5) Fortalecer o MCMV-Entidades, destinando maiores recursos à modalidade, tendo em vista que esta obtêm melhores resultados em termos arquitetônicos e urbanísticos, gera efeitos multiplicadores na economia local, além de gerar vínculos sociais e pertencimento no processo de viabilização.

6) Constituir um subprograma específico para a reabilitação de edifícios ociosos de áreas centrais das nossas cidades. No âmbito do MCMV-Entidades, especialmente em São Paulo, houve inúmeros projetos exitosos, com os municípios em muitos casos oferecendo prédios públicos, desapropriados ou retomados a partir da aplicação dos instrumentos urbanísticos como contrapartida. Dado o número de unidades vazias nos centros das cidades brasileiras, que pode chegar a quase 5 milhões de unidades, essa vertente merece ser estruturada como uma modalidade específica do PMCMV. Com tais propostas, mais plurais, mais racionais do ponto de vista do desenvolvimento urbano, tentas à diversidade das necessidades sociais e urgências ecológicas, podemos alavancar a economia, mas também construir um novo paradigma para a política habitacional, agora coerente com o direito à terra urbanizada, com coerência no uso e ocupação do solo (urbanização compacta), e ainda baixo impacto ambiental, novos padrões de projeto e construção, de consumo de água e energia (energia solar por exemplo).
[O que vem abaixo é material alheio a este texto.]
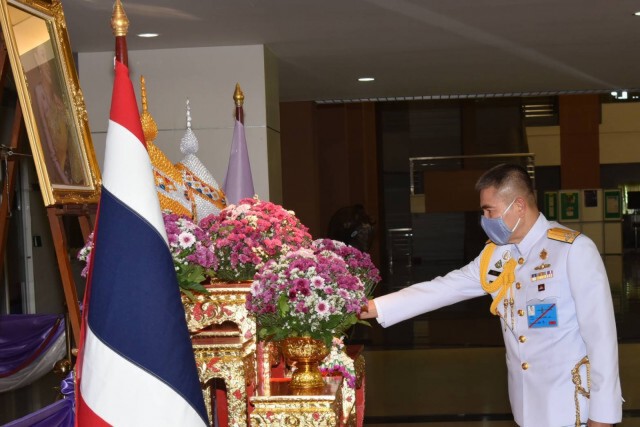 กองทัพเรือ ยิงสลุตหลวง เฉลิมพระเกียรติ สมเด็จพระนางเจ้าสุทิดาฯ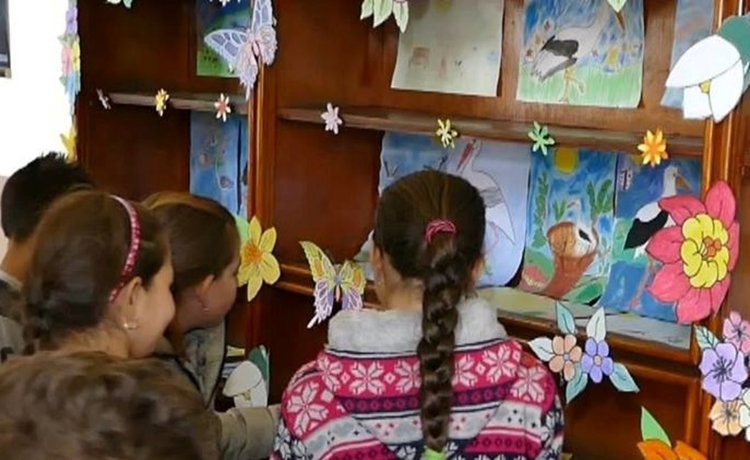 Децата от селото с най-много щъркелови гнезда рисуваха предвестника на пролетта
Cabe acrescentar ainda que tão importante como construir novas moradias para a saúde pública e o meio ambiente é a reforma das moradias existentes acompanhadas de processos de urbanização (que incluam o saneamento e a mobilidade sustentável) e regularização, da prevenção e eliminação de riscos (com Soluções Baseadas na Natureza) e equipamentos sociais que ofereçam oportunidades de educação em tempo integral, cultura, esporte, lazer e alimentação para crianças e jovens das periferias urbanas.

Para finalizar, queremos manifestar nosso compromisso com o esforço de reconstrução do Brasil, com o combate à desigualdade e defesa da democracia e soberania nacionais que constituem a tarefa histórica deste governo.

O manifesto do BRCidades é assinado por diversos pesquisadores dedicados à habitação e ao urbanismo e entidades, entre elas a Federação Nacional dos Arquitetos e Urbanistas (FNA).